[What is required] An exact, complete copy of the entries that follow is needed.

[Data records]

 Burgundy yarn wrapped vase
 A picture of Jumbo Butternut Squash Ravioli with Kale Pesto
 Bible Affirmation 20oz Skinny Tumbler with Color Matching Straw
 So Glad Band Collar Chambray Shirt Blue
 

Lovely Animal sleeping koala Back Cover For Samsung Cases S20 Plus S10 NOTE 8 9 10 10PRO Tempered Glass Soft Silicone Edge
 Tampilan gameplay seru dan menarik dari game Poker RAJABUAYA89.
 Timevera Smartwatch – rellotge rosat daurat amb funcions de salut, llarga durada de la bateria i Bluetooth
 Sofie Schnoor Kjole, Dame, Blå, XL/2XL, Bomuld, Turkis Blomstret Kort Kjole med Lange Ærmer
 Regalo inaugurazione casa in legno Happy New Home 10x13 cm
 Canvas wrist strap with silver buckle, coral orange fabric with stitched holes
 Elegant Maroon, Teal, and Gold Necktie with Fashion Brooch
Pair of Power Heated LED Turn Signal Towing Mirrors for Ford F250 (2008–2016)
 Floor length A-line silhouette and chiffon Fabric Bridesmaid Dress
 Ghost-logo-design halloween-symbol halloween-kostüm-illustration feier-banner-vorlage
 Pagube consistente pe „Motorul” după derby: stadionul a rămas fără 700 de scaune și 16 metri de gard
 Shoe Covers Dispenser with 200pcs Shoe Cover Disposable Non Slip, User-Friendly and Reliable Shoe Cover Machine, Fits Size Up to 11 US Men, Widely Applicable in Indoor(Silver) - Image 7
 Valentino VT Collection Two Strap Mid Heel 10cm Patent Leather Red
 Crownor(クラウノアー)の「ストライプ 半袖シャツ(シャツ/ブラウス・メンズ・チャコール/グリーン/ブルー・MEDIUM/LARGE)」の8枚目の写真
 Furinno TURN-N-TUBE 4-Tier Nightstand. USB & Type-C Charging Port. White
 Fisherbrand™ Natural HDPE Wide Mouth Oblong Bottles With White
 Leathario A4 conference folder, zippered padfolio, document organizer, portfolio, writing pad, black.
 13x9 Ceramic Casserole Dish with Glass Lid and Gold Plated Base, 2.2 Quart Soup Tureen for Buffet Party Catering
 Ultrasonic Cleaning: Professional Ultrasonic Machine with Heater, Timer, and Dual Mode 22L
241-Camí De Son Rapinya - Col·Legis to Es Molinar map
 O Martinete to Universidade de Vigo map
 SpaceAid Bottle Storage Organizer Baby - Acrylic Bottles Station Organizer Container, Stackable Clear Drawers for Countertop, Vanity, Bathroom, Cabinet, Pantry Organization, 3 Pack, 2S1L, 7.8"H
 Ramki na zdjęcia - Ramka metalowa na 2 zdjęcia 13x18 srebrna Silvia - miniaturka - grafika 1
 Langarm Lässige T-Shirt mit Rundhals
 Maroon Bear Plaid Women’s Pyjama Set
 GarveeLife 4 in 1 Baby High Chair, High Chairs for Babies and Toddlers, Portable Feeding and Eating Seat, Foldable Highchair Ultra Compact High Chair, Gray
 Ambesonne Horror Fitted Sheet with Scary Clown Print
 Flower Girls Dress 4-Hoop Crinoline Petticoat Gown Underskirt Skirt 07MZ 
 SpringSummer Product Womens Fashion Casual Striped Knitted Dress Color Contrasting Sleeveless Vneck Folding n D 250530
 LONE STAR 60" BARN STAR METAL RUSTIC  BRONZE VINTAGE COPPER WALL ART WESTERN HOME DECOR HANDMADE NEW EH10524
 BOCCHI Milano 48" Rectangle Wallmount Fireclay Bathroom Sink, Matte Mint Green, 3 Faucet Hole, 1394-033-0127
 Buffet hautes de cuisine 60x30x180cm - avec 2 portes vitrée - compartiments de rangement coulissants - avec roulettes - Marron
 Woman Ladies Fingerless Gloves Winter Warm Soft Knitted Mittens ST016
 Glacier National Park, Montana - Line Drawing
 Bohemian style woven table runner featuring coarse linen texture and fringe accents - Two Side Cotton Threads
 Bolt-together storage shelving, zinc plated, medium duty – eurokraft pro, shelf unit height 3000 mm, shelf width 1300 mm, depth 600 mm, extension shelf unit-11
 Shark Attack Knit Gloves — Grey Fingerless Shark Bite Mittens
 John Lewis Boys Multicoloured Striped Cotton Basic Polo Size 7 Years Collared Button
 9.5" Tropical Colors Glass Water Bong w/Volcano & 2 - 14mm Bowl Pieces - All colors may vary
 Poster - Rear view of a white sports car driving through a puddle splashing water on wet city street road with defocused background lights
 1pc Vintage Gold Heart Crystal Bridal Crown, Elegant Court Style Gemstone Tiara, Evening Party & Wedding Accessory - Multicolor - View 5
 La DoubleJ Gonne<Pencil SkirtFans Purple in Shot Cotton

[Exercise response]
 Burgundy yarn wrapped vase
 A picture of Jumbo Butternut Squash Ravioli with Kale Pesto
 Bible Affirmation 20oz Skinny Tumbler with Color Matching Straw
 So Glad Band Collar Chambray Shirt Blue
 

Lovely Animal sleeping koala Back Cover For Samsung Cases S20 Plus S10 NOTE 8 9 10 10PRO Tempered Glass Soft Silicone Edge
 Tampilan gameplay seru dan menarik dari game Poker RAJABUAYA89.
 Timevera Smartwatch – rellotge rosat daurat amb funcions de salut, llarga durada de la bateria i Bluetooth
 Sofie Schnoor Kjole, Dame, Blå, XL/2XL, Bomuld, Turkis Blomstret Kort Kjole med Lange Ærmer
 Regalo inaugurazione casa in legno Happy New Home 10x13 cm
 Canvas wrist strap with silver buckle, coral orange fabric with stitched holes
 Elegant Maroon, Teal, and Gold Necktie with Fashion Brooch
Pair of Power Heated LED Turn Signal Towing Mirrors for Ford F250 (2008–2016)
 Floor length A-line silhouette and chiffon Fabric Bridesmaid Dress
 Ghost-logo-design halloween-symbol halloween-kostüm-illustration feier-banner-vorlage
 Pagube consistente pe „Motorul” după derby: stadionul a rămas fără 700 de scaune și 16 metri de gard
 Shoe Covers Dispenser with 200pcs Shoe Cover Disposable Non Slip, User-Friendly and Reliable Shoe Cover Machine, Fits Size Up to 11 US Men, Widely Applicable in Indoor(Silver) - Image 7
 Valentino VT Collection Two Strap Mid Heel 10cm Patent Leather Red
 Crownor(クラウノアー)の「ストライプ 半袖シャツ(シャツ/ブラウス・メンズ・チャコール/グリーン/ブルー・MEDIUM/LARGE)」の8枚目の写真
 Furinno TURN-N-TUBE 4-Tier Nightstand. USB & Type-C Charging Port. White
 Fisherbrand™ Natural HDPE Wide Mouth Oblong Bottles With White
 Leathario A4 conference folder, zippered padfolio, document organizer, portfolio, writing pad, black.
 13x9 Ceramic Casserole Dish with Glass Lid and Gold Plated Base, 2.2 Quart Soup Tureen for Buffet Party Catering
 Ultrasonic Cleaning: Professional Ultrasonic Machine with Heater, Timer, and Dual Mode 22L
241-Camí De Son Rapinya - Col·Legis to Es Molinar map
 O Martinete to Universidade de Vigo map
 SpaceAid Bottle Storage Organizer Baby - Acrylic Bottles Station Organizer Container, Stackable Clear Drawers for Countertop, Vanity, Bathroom, Cabinet, Pantry Organization, 3 Pack, 2S1L, 7.8"H
 Ramki na zdjęcia - Ramka metalowa na 2 zdjęcia 13x18 srebrna Silvia - miniaturka - grafika 1
 Langarm Lässige T-Shirt mit Rundhals
 Maroon Bear Plaid Women’s Pyjama Set
 GarveeLife 4 in 1 Baby High Chair, High Chairs for Babies and Toddlers, Portable Feeding and Eating Seat, Foldable Highchair Ultra Compact High Chair, Gray
 Ambesonne Horror Fitted Sheet with Scary Clown Print
 Flower Girls Dress 4-Hoop Crinoline Petticoat Gown Underskirt Skirt 07MZ 
 SpringSummer Product Womens Fashion Casual Striped Knitted Dress Color Contrasting Sleeveless Vneck Folding n D 250530
 LONE STAR 60" BARN STAR METAL RUSTIC  BRONZE VINTAGE COPPER WALL ART WESTERN HOME DECOR HANDMADE NEW EH10524
 BOCCHI Milano 48" Rectangle Wallmount Fireclay Bathroom Sink, Matte Mint Green, 3 Faucet Hole, 1394-033-0127
 Buffet hautes de cuisine 60x30x180cm - avec 2 portes vitrée - compartiments de rangement coulissants - avec roulettes - Marron
 Woman Ladies Fingerless Gloves Winter Warm Soft Knitted Mittens ST016
 Glacier National Park, Montana - Line Drawing
 Bohemian style woven table runner featuring coarse linen texture and fringe accents - Two Side Cotton Threads
 Bolt-together storage shelving, zinc plated, medium duty – eurokraft pro, shelf unit height 3000 mm, shelf width 1300 mm, depth 600 mm, extension shelf unit-11
 Shark Attack Knit Gloves — Grey Fingerless Shark Bite Mittens
 John Lewis Boys Multicoloured Striped Cotton Basic Polo Size 7 Years Collared Button
 9.5" Tropical Colors Glass Water Bong w/Volcano & 2 - 14mm Bowl Pieces - All colors may vary
 Poster - Rear view of a white sports car driving through a puddle splashing water on wet city street road with defocused background lights
 1pc Vintage Gold Heart Crystal Bridal Crown, Elegant Court Style Gemstone Tiara, Evening Party & Wedding Accessory - Multicolor - View 5
 La DoubleJ Gonne<Pencil SkirtFans Purple in Shot Cotton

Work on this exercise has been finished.